_What the exercise asks:_
Upon reaching the line that contains "Used 2025 Subaru" in the records below, begin repeating every line exactly through the last one, skipping pictures.

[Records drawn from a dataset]
-=-=-=-=-

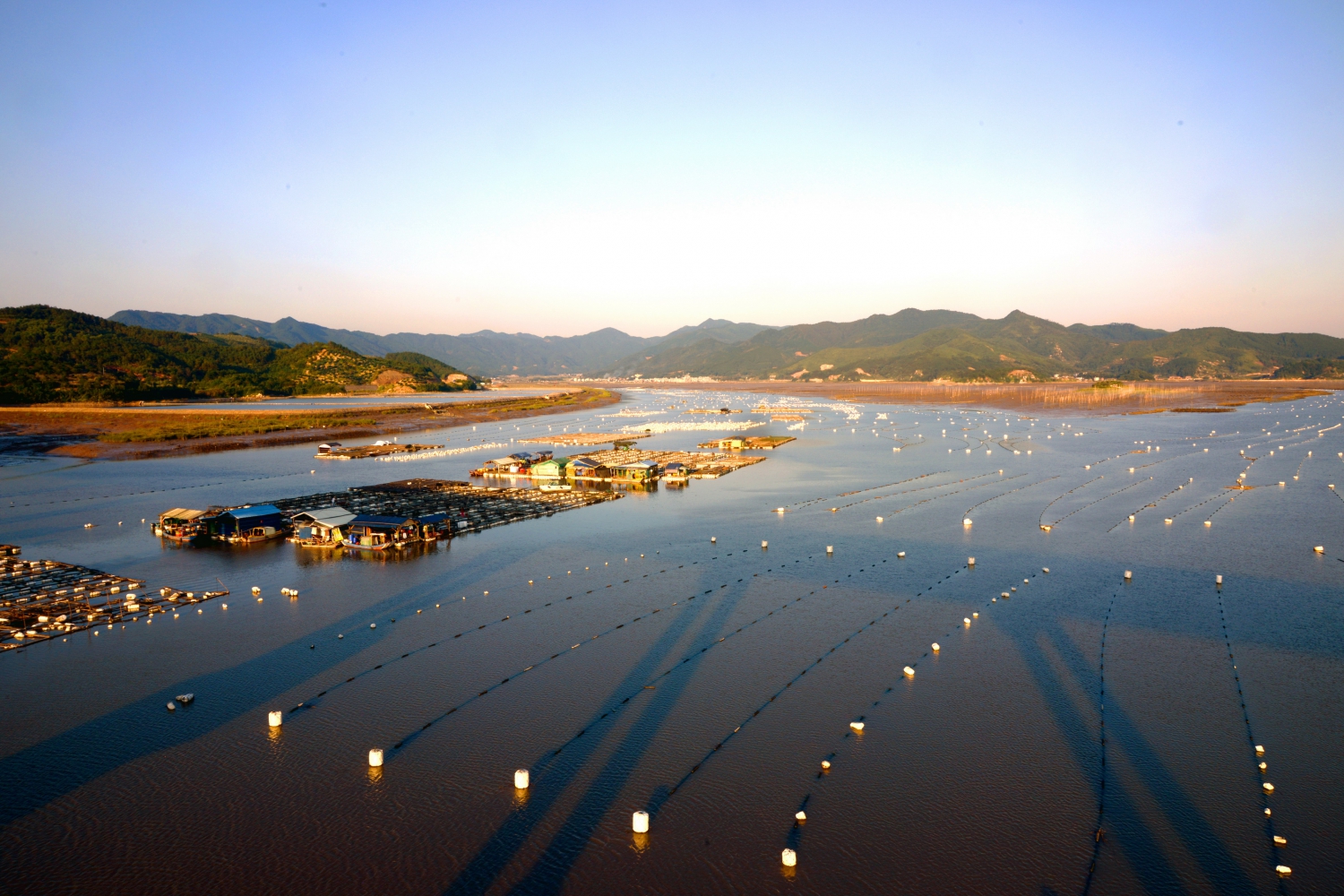 海上养殖场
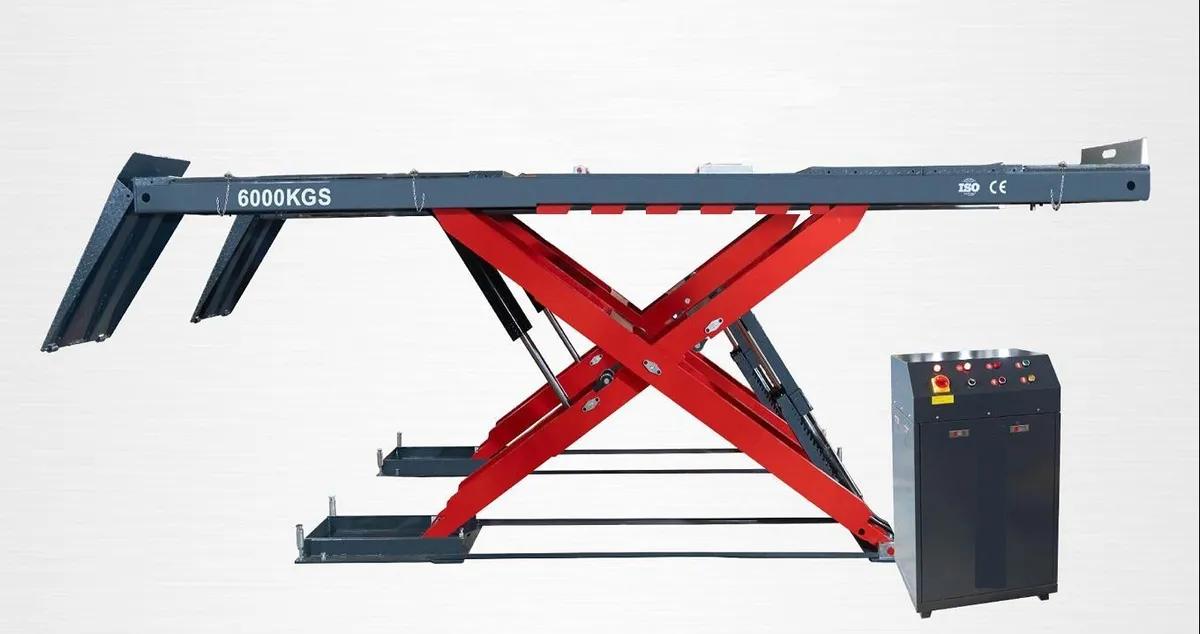 On-Ground Ultra-Thin Wheel Alignment Scissor Lift — 6.0T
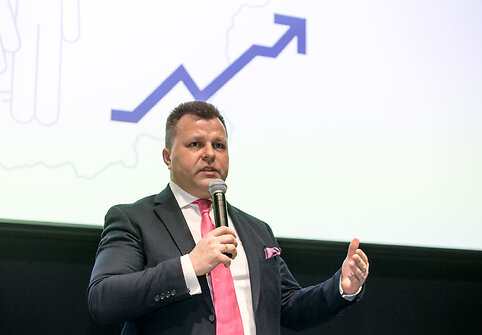 Mantas Adomėnas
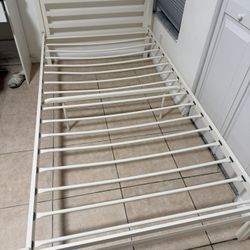 2 Twin Beds. 2 Camas twin 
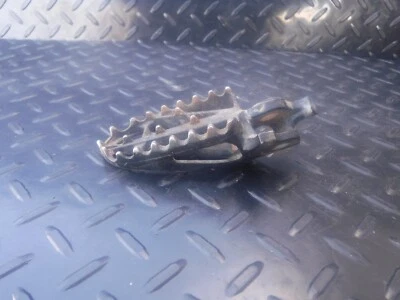 2007 HONDA CRF250R LEFT FOOT PEG  CRF 250R 04 05 06 07 08 09 - Image 1 of 4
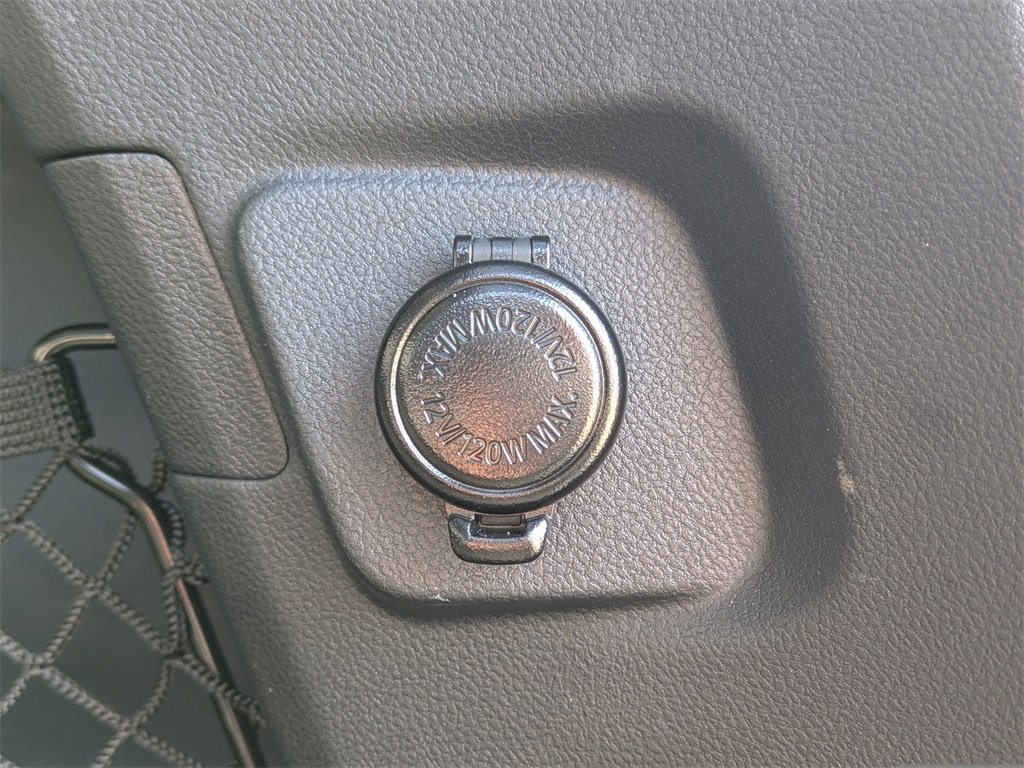 Used 2025 Subaru Outback Limited w/ Popular Package #2 image 28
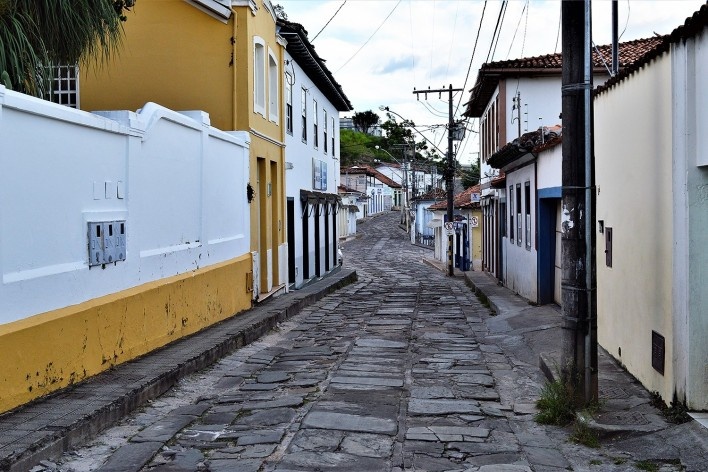 Faixa contínua de lajeado no meio da via pública, denominada capistrana, Diamantina MG, 2014<br />Foto Elio Moroni Filho 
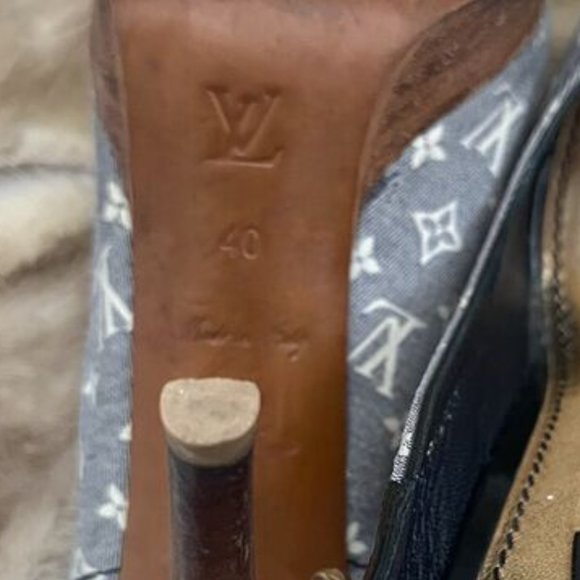 LOUIS VUITTON DENIM MONOGRAM HEELS Fit like 8.5-9 - Picture 8 of 9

-=-=-=-=-

_Answer section:_
 Used 2025 Subaru Outback Limited w/ Popular Package #2 image 28
 Faixa contínua de lajeado no meio da via pública, denominada capistrana, Diamantina MG, 2014<br />Foto Elio Moroni Filho 
 LOUIS VUITTON DENIM MONOGRAM HEELS Fit like 8.5-9 - Picture 8 of 9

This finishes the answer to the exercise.